To return to the tribunal: I spotted two court officials, a middle-aged man and woman, and told them I thought the girl's clothing inappropriate.

They agreed and suggested I write a complaint. I did so and expected to hear no more.

But a few minutes later a young manager called me into his office and thanked me profusely.

He explained that both the staff lawyers had expressed concern about standards of dress, but they had been waiting for a complaint from a member of the public; now they had one so something could at last be done.

It is easy to feel we might be the only ones who mind certain things, but we rarely are.

I have often intervened in public in tense situations. I am not brave, nor particularly strong, and I'm often not even particularly nice.

But my dad was a policeman, my schools were Catholic and my mum was from a poor, but decent, culture where people mucked in.

The interventions I've made have always helped, and I have never been hit.

Even bullies sometimes have a conscience, and speaking up often encourages others to stick up for what is right.

Of course, you have to pick your fights carefully – and it can be easier for women to defuse potential violence.

On a train recently, I witnessed three strapping teenage girls subjecting a hapless ticket inspector to violent abuse.

When he asked for their tickets, one blocked his path and threatened to pluck out his eye and eat it: "You just picking on us 'cos of how we is dressed," she snarled.

They were black South London girls – and everyone else on this train rolling through Surrey was white and suddenly buried in their newspapers.

I felt so sorry for the poor man that I piped up before I could even think.

I turned it into a joke about how inspectors always assumed my daughter was dishonest because she was young – and thought I must be honest because I'm middle-aged: "Now girls, isn't that something to look forward to? So give the guy a break, he's just doing his job."

The fight went out of them and one girl said: "That was brave of you. We could have had knives."

That possibility had never even occurred to me.

Much aggression cannot easily be understood or calmed. But if we think carefully and resist traditional British reserve, we can still help.

Not long ago, outside a park, I saw a huge, enraged man dragging a little girl of about four. He had her by the arm and she was sobbing and screaming for her mum.

Nearly everyone in the street paused and looked back, alarmed. But no one did anything: we felt paralysed, by fear as well as indecision.

Was this angry giant abducting her or 'just' an angry dad?

I felt certain that, once a door closed on this child, she would be horribly beaten. Yet I too walked on.

At the end of the road, I remembered Blake Morrison's thought-provoking book As If, about the abduction and murder of toddler Jamie Bulger in Liverpool in 1993.

No fewer than 38 adults testified at the trial of the two ten-year-old boys eventually convicted of this terrible crime that they had seen them beat and drag the crying child through the streets.

Only one woman stopped and questioned them.

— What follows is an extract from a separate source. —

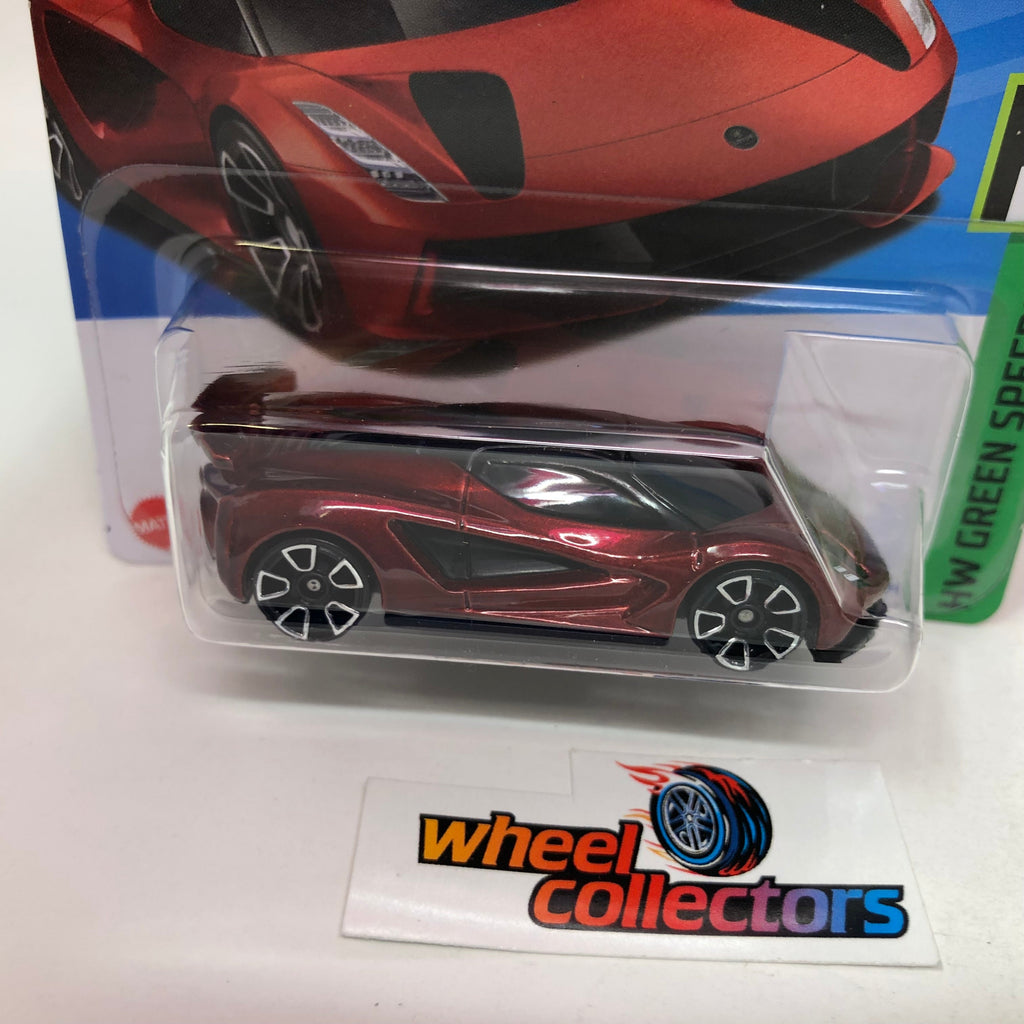 Lotus Evija #84 * Red * 2023 Hot Wheels Case D Short Card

So I turned back, and decided to protect myself by enlisting the help of another passer-by. I found a strong-looking workman and together we followed the pair.

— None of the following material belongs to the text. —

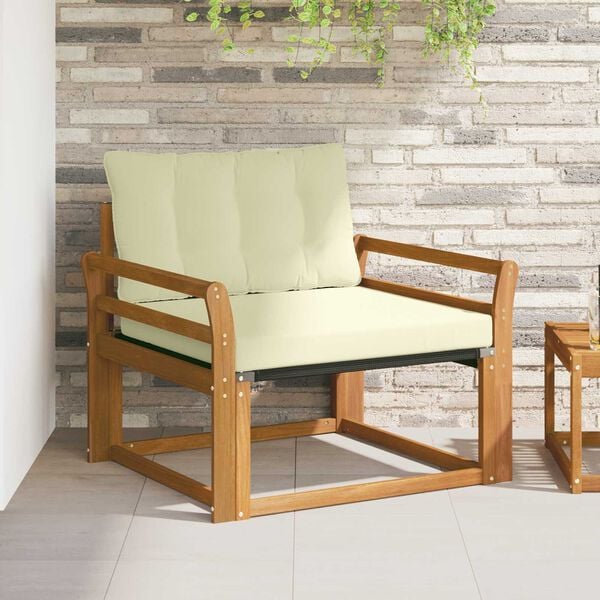 vidaXL Venkovn&iacute; pohovkov&aacute; souprava Masivn&iacute; ak&aacute;ciov&eacute; dřevo a Textilene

When the man reached an alley and shoved the girl through a gate, he spotted us. He shot after us, his big fists balled to punch. We ran.

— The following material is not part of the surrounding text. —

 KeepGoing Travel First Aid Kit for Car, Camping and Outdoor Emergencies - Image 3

But the workman had seen the number on the gate and I told the police.

An officer visited the house and rang me a couple of hours later.

The man was the child's father but, the policeman said, already 'well known' to police – yes, he hinted, for crimes of violence.

I had done the right thing and social services had been alerted.

Film critic Barry Norman said this week, following a survey on declining manners in cinemas, that the likes of teens chatting on mobiles during films would soon shut up if, instead of one person challenging them, 200 did.

We also need the return of ushers, park keepers, train guards, station staff and bus conductors: their numbers have been slashed in recent years even though they add enormously to public safety and manners.

Meanwhile, however, there's us. There have been times in my life when I have been immensely touched by the care of strangers.

So let's speak up, remembering there's more of Us than Them.